*Given data*
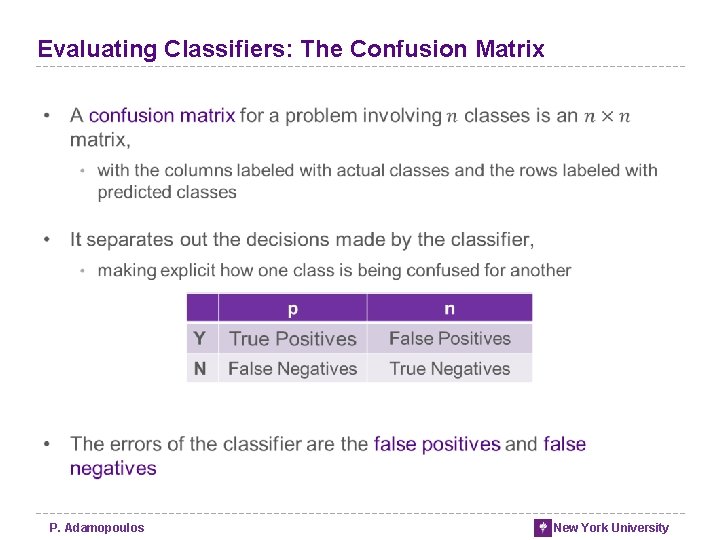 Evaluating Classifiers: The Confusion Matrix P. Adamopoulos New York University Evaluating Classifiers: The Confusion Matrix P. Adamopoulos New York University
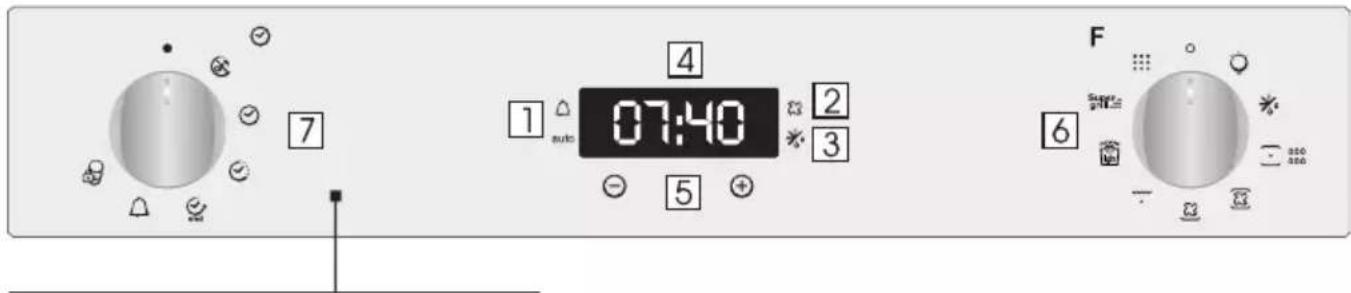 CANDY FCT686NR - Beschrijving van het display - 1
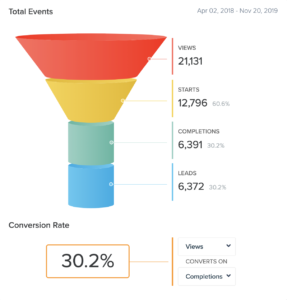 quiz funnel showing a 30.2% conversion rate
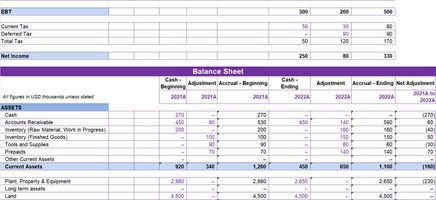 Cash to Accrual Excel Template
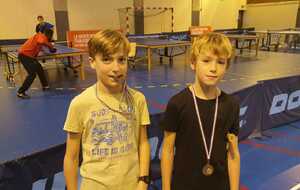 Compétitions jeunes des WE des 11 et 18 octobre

*Task directions*
Reprint every record exactly and skip the pictures.

*Result of the task*
 Evaluating Classifiers: The Confusion Matrix P. Adamopoulos New York University Evaluating Classifiers: The Confusion Matrix P. Adamopoulos New York University
 CANDY FCT686NR - Beschrijving van het display - 1
 quiz funnel showing a 30.2% conversion rate
 Cash to Accrual Excel Template
 Compétitions jeunes des WE des 11 et 18 octobre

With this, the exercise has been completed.